> **Directions for this task**
Print the records below exactly, from the line containing "Duschwand mit Ablage" down to the line containing "Mustard Narayan Pattu", both lines included, and omit every picture.

> **Record set**
━━━━━━━━
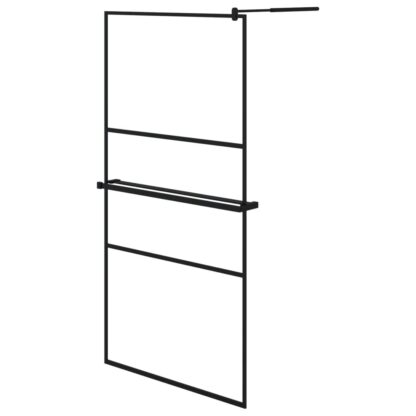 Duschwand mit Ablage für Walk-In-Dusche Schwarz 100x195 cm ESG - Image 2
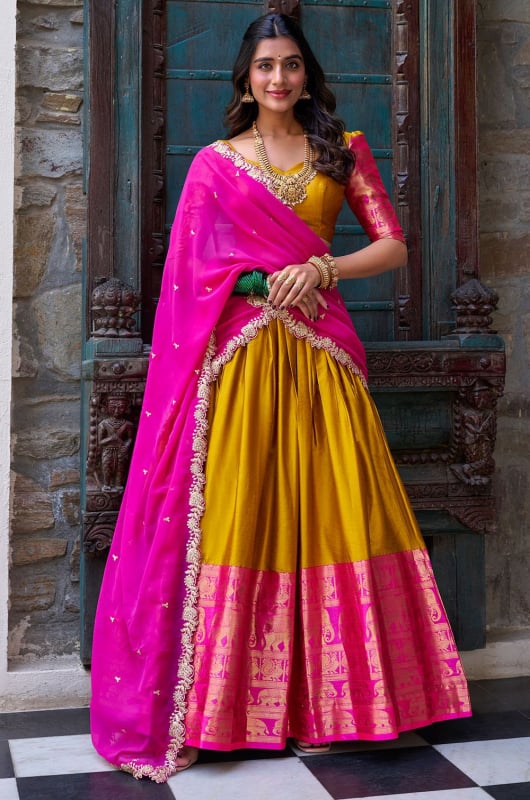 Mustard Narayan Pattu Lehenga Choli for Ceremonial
━━━━━━━━
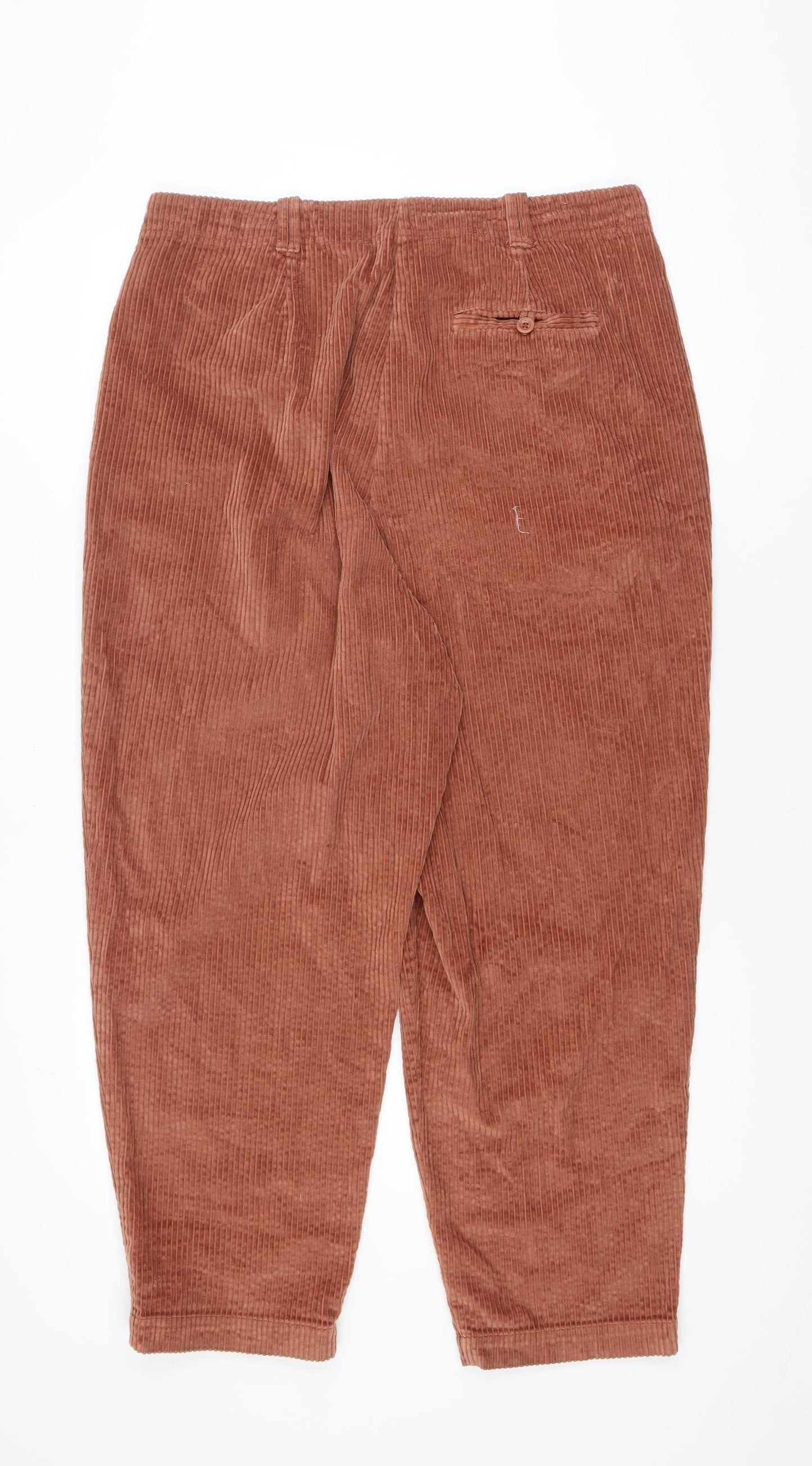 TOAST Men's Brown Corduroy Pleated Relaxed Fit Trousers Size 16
━━━━━━━━
> **Solution for this exercise**
 Duschwand mit Ablage für Walk-In-Dusche Schwarz 100x195 cm ESG - Image 2
 Mustard Narayan Pattu Lehenga Choli for Ceremonial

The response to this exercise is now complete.